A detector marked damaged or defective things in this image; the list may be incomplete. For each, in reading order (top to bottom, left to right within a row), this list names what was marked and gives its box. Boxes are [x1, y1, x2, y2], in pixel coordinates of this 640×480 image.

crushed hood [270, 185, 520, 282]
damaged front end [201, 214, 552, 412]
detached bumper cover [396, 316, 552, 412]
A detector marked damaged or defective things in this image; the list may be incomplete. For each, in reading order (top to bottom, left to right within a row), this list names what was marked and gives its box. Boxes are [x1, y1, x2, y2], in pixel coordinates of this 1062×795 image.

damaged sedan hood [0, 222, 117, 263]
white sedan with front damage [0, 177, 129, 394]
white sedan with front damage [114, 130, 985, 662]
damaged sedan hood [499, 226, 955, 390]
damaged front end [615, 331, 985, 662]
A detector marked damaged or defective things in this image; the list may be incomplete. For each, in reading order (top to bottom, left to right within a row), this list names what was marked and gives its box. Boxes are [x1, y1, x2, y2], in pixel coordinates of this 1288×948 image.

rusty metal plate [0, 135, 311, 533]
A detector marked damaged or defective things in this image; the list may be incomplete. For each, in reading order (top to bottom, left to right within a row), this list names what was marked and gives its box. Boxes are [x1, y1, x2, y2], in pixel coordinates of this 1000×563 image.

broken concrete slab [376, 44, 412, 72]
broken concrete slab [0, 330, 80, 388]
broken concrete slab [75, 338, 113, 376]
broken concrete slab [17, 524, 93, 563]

What is being asked:
From the line that contains "this 1000×563 image." down to the last line of the material above, copy every line word for word, both ends included.

Written solution:
A detector marked damaged or defective things in this image; the list may be incomplete. For each, in reading order (top to bottom, left to right within a row), this list names what was marked and gives its box. Boxes are [x1, y1, x2, y2], in pixel coordinates of this 1000×563 image.

broken concrete slab [376, 44, 412, 72]
broken concrete slab [0, 330, 80, 388]
broken concrete slab [75, 338, 113, 376]
broken concrete slab [17, 524, 93, 563]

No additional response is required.